■ **How to complete this task**:
Pictures aside, write out the data exactly as it reads.

■ **Collected data**:

============

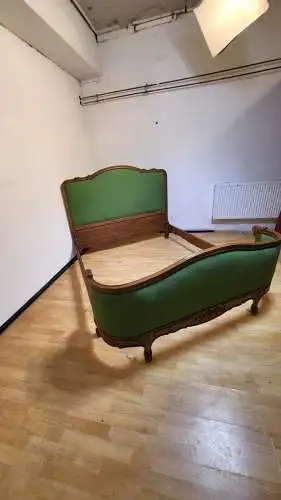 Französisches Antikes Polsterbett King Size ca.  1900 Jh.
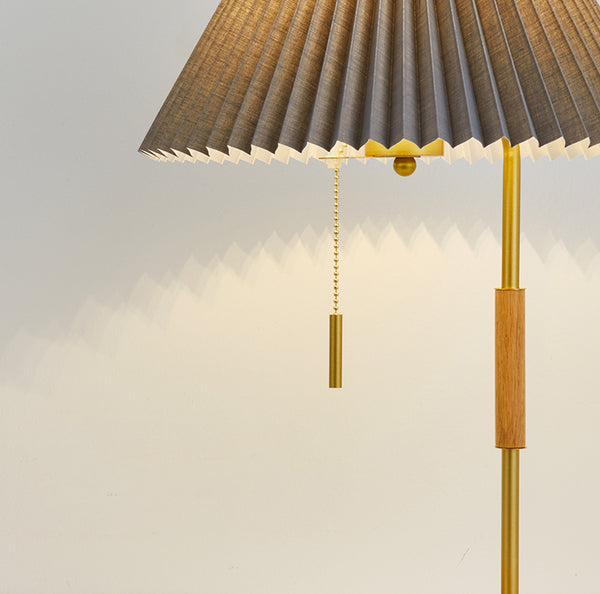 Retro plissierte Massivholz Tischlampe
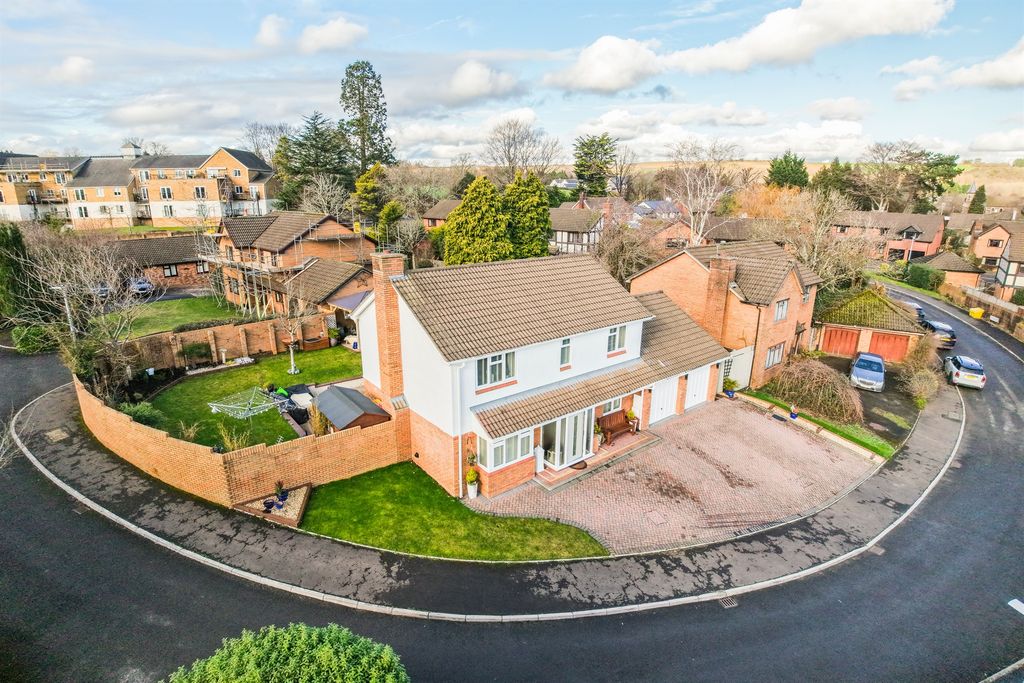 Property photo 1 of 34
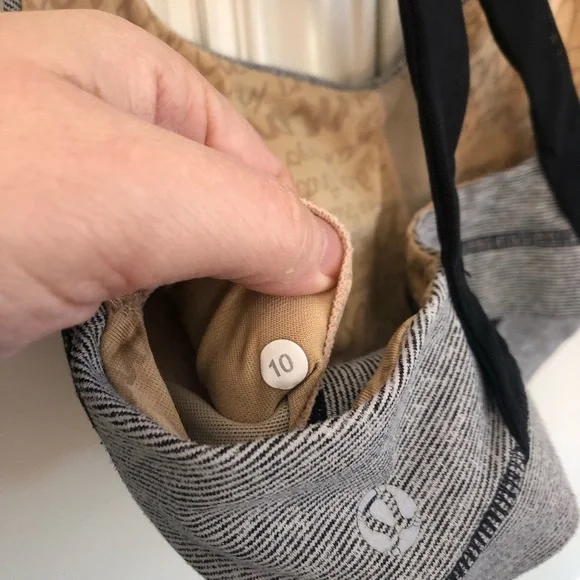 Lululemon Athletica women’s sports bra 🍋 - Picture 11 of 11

============

■ **Your solution**:
 Französisches Antikes Polsterbett King Size ca.  1900 Jh.
 Retro plissierte Massivholz Tischlampe
 Property photo 1 of 34
 Lululemon Athletica women’s sports bra 🍋 - Picture 11 of 11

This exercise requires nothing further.